Johnson concerned an FLSA retaliation case brought by the attorney Earnest T. Rossiello, whose settlement negotiations and fee applications had already been the subject of numerous opinions within the Northern District of Illinois. In Johnson, Mr. Rossiello litigated his client’s case through to trial and obtained a modest verdict of $5,000 on Johnson’s claim that he was fired for complaining about FLSA violations. The Magistrate Judge, calling his conduct in the matter “yet another example of Ernest T. Rossiello's self-serving litigation tactics,” struck substantially all of his attorney’s fee application. On appeal, the Seventh Circuit reversed, distinguishing the case at bar from the earlier case relied upon by the Magistrate Judge in cutting the fee, as being one where Mr. Rossiello did have to establish liability and demonstrate (as he did before a jury), that his client had been terminated for an unlawful purpose. Based on his success and the contested nature of the litigation, his conduct to that point in the case did not reflect an unreasonable unwillingness to settle. Nor, in the appellate court’s view, could defendant properly claim to have been “misled” by Plaintiff’s $10,000 settlement demand, when it itself had the information in its possession to assess Plaintiff’s claims.

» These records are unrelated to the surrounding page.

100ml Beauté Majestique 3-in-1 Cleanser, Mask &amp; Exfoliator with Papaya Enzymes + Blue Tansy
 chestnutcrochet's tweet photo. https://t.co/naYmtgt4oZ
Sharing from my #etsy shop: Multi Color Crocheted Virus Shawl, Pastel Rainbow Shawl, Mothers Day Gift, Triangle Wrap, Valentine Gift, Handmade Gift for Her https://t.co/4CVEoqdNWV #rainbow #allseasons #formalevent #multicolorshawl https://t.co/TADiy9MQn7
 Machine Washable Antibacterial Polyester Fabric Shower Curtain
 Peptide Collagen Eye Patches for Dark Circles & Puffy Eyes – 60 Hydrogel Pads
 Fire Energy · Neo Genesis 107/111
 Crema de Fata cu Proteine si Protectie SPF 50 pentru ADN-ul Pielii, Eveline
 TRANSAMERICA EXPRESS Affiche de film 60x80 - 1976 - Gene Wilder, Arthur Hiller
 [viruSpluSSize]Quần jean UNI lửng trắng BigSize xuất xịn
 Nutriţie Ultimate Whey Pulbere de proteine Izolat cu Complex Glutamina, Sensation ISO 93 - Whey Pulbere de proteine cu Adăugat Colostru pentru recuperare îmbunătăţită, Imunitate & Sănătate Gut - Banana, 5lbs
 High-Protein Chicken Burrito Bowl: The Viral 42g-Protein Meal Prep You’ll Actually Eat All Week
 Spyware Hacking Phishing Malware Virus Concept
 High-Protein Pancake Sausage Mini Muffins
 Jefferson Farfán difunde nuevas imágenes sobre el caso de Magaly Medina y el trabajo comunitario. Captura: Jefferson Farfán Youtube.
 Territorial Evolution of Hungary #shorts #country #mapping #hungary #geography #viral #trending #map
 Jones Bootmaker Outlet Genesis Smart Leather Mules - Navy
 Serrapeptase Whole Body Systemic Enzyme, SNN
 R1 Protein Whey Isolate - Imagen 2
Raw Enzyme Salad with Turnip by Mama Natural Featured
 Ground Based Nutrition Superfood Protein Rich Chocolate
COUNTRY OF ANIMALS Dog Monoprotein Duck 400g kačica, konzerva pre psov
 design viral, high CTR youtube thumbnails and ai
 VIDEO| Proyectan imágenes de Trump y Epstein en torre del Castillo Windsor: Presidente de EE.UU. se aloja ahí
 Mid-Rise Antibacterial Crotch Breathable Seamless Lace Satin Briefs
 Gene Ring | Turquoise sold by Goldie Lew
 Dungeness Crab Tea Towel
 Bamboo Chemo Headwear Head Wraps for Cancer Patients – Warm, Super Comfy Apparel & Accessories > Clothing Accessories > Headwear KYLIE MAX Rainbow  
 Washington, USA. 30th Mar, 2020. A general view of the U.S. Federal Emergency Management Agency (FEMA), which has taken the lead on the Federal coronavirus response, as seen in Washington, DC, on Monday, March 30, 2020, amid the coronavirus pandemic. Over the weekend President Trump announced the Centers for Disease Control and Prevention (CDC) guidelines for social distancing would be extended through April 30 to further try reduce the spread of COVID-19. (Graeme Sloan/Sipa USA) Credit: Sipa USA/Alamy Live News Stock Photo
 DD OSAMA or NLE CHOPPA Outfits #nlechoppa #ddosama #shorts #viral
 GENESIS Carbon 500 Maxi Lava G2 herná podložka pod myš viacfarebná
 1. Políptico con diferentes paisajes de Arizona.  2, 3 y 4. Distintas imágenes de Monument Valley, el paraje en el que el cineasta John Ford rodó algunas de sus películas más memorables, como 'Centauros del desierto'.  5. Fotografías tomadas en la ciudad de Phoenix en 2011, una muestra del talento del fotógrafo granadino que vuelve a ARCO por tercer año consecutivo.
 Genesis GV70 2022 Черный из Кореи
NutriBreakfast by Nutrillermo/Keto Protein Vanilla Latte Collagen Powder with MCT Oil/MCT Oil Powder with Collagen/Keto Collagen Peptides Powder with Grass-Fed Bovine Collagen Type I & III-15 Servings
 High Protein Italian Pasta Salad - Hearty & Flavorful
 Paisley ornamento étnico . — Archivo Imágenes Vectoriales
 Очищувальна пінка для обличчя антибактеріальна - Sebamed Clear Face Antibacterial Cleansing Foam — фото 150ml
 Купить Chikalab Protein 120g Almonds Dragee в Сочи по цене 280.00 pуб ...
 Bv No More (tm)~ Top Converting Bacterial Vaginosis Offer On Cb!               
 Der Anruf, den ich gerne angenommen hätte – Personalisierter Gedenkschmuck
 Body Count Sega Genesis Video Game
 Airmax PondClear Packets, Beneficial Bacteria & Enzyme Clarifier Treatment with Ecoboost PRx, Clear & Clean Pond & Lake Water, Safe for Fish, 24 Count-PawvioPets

The problem of fee shifting in small dollar FLSA cases persists, and the Johnson case is one of many examples. Courts will be reluctant to refuse to compensate counsel for their services when they obtain a favorable result for their client, notwithstanding the size of that recovery, or (as argued by some as important) the ratio of the plaintiff’s recovery to that of his or her attorney. Defense counsel must continue to use all available mechanisms, including offers of judgment under FRCP 68 where applicable, to minimize exposure to attorneys’ fee claims in these cases.